• [EXERCISE]
Only one span is wanted from the lines below: from the one with "Installing ANIF via" up to and including the one with "This diagnostic error". Copy it exactly, without images.

• [EXERCISE MATERIALS]
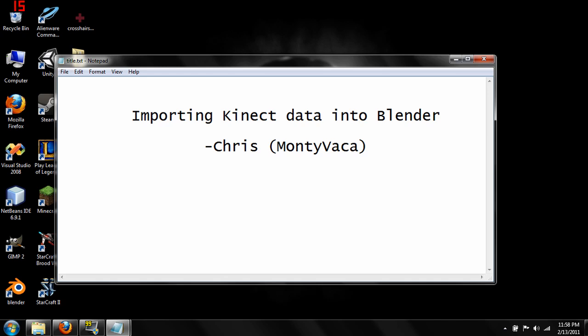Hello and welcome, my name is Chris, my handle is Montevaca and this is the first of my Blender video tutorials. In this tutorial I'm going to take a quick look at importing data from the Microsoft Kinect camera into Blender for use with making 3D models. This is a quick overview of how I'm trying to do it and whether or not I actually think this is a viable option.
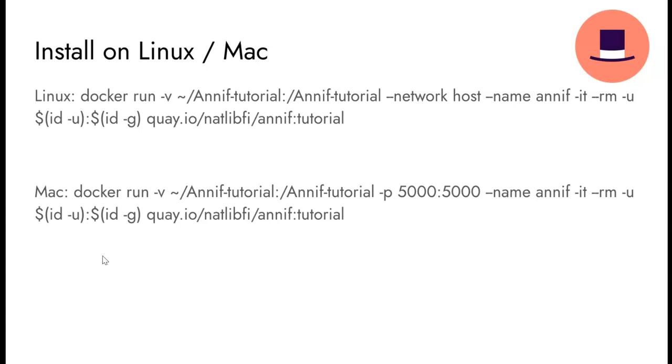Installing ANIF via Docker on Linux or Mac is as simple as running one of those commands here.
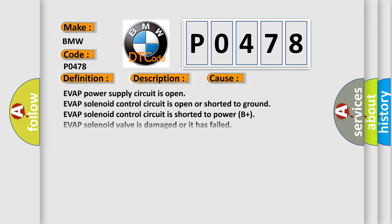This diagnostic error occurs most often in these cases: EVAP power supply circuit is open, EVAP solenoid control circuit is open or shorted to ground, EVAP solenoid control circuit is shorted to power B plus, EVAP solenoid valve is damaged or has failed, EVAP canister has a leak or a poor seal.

* * *

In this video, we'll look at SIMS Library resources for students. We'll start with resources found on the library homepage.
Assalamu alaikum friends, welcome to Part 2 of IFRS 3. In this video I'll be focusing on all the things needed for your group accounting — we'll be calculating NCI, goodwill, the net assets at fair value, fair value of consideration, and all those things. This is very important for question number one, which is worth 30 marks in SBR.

---

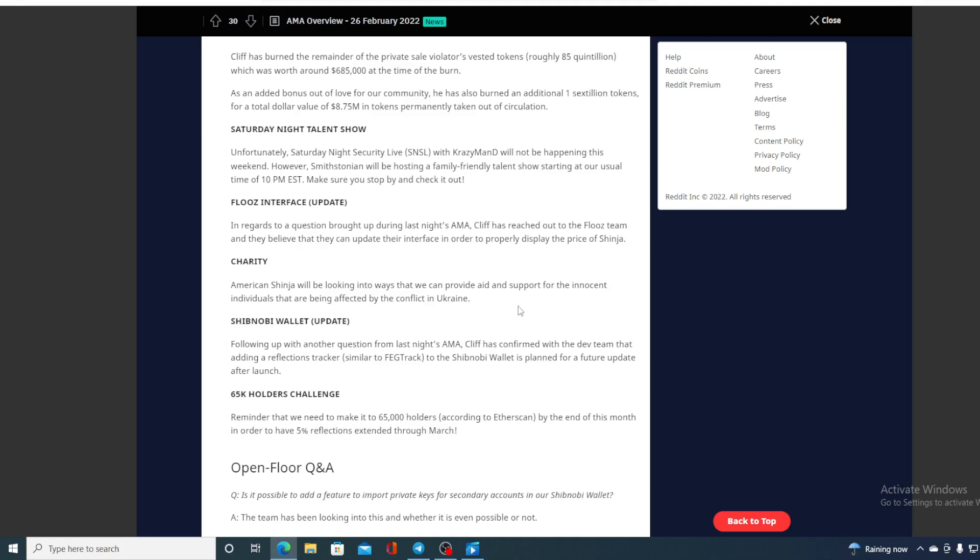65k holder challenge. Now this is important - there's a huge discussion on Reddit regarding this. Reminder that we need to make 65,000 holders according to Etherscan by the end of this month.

• [ANSWER TO THE EXERCISE]
Installing ANIF via Docker on Linux or Mac is as simple as running one of those commands here.
This diagnostic error occurs most often in these cases: EVAP power supply circuit is open, EVAP solenoid control circuit is open or shorted to ground, EVAP solenoid control circuit is shorted to power B plus, EVAP solenoid valve is damaged or has failed, EVAP canister has a leak or a poor seal.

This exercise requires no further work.